◆ EXERCISE GOAL:
Drop the images; return everything else in the listing below exactly.

◆ DATA SEGMENT:
+++++

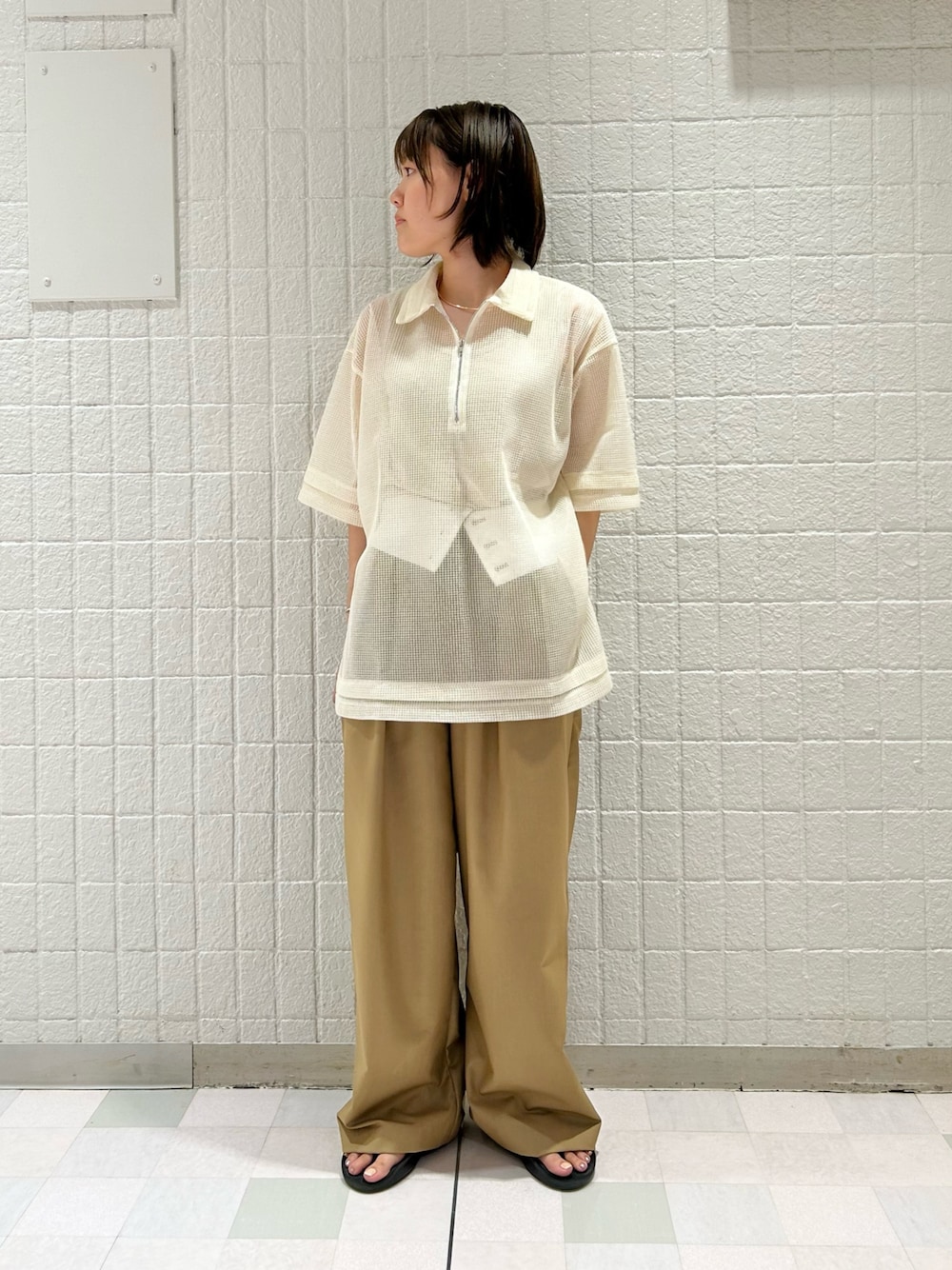 「休日スタイル、夏コーデ、ワントーンコーデ、パンツコーデ、お出かけコーデ、ベージュ、メッシュ、ハーフジップ、スポーツミックス、KBF」｜「KBFのハーフZIPメッシュプルオーバー（シャツ/ブラウス、ホワイト系）」を使った、みきてぃさん（レディース・157cm）の夏コーディネートの1枚目の写真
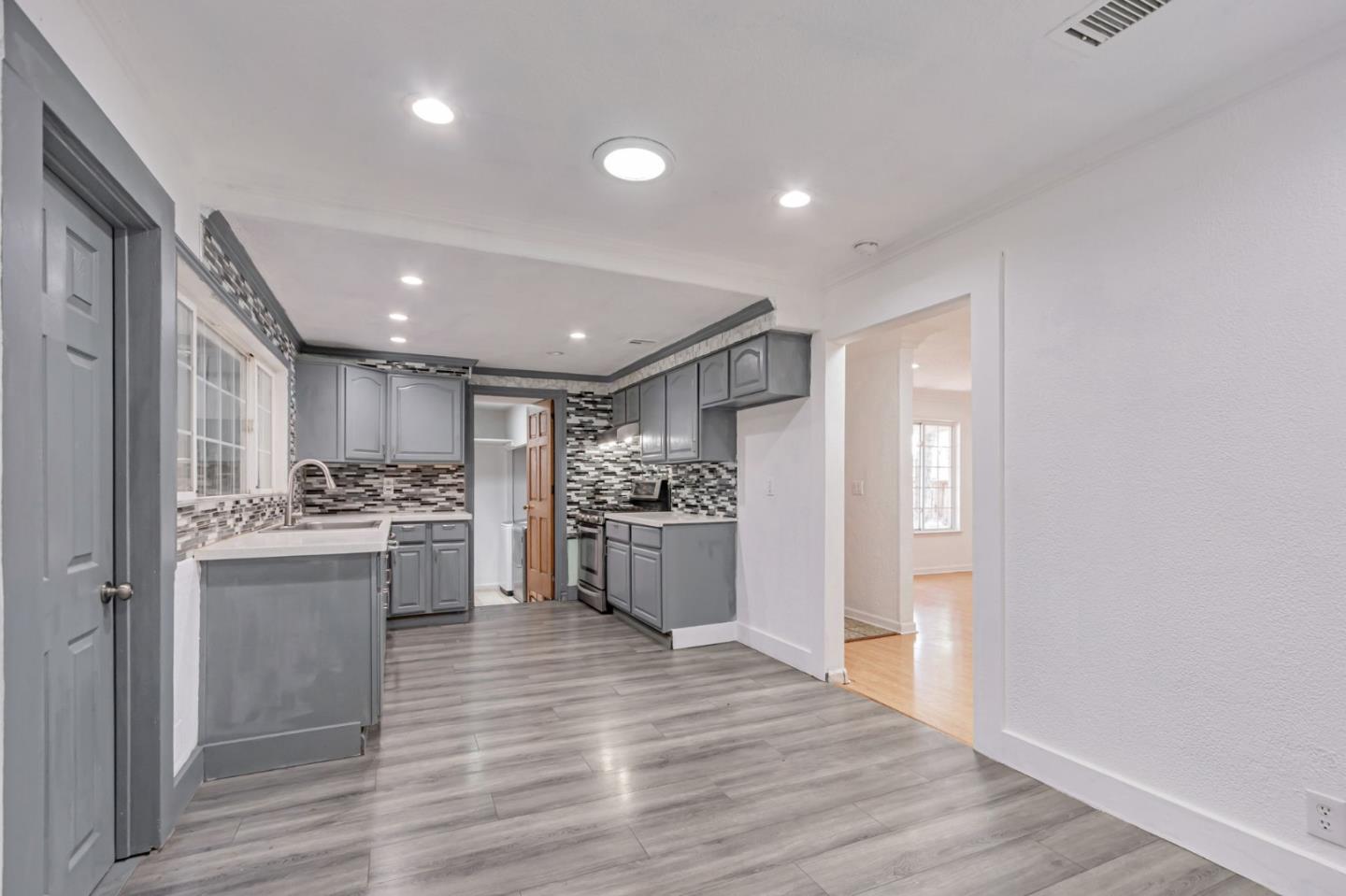 Detail Gallery Image 16 of 67 For 1087 Starlite Dr, Milpitas,  CA 95035 - 4 Beds | 2 Baths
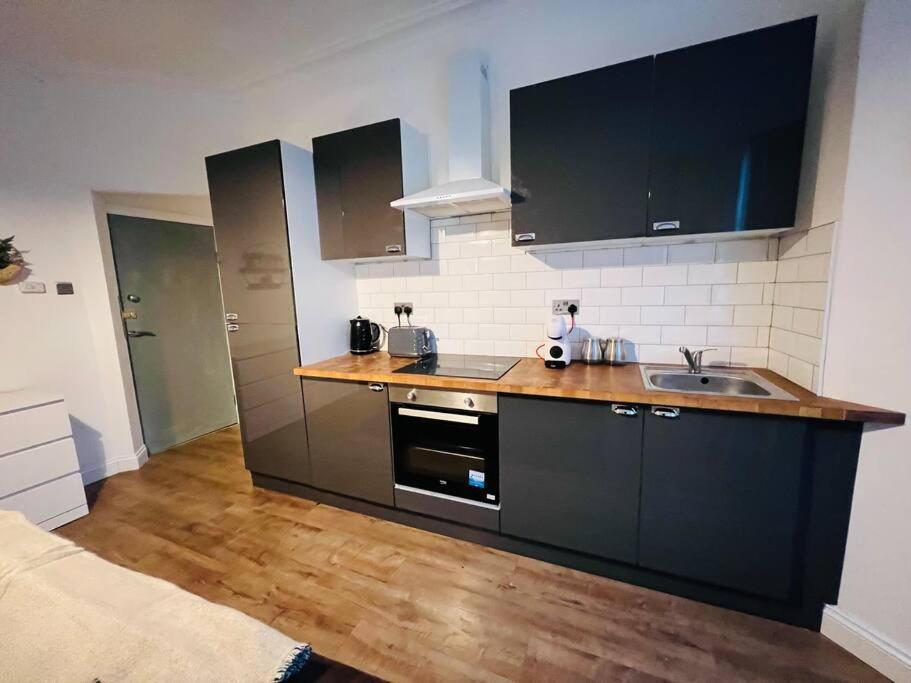 بلاكبول Beautiful Space Stylish And Modern! Perfect Location المظهر الخارجي الصورة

+++++

◆ RESPONSE TO THE EXERCISE:
 「休日スタイル、夏コーデ、ワントーンコーデ、パンツコーデ、お出かけコーデ、ベージュ、メッシュ、ハーフジップ、スポーツミックス、KBF」｜「KBFのハーフZIPメッシュプルオーバー（シャツ/ブラウス、ホワイト系）」を使った、みきてぃさん（レディース・157cm）の夏コーディネートの1枚目の写真
 Detail Gallery Image 16 of 67 For 1087 Starlite Dr, Milpitas,  CA 95035 - 4 Beds | 2 Baths
 بلاكبول Beautiful Space Stylish And Modern! Perfect Location المظهر الخارجي الصورة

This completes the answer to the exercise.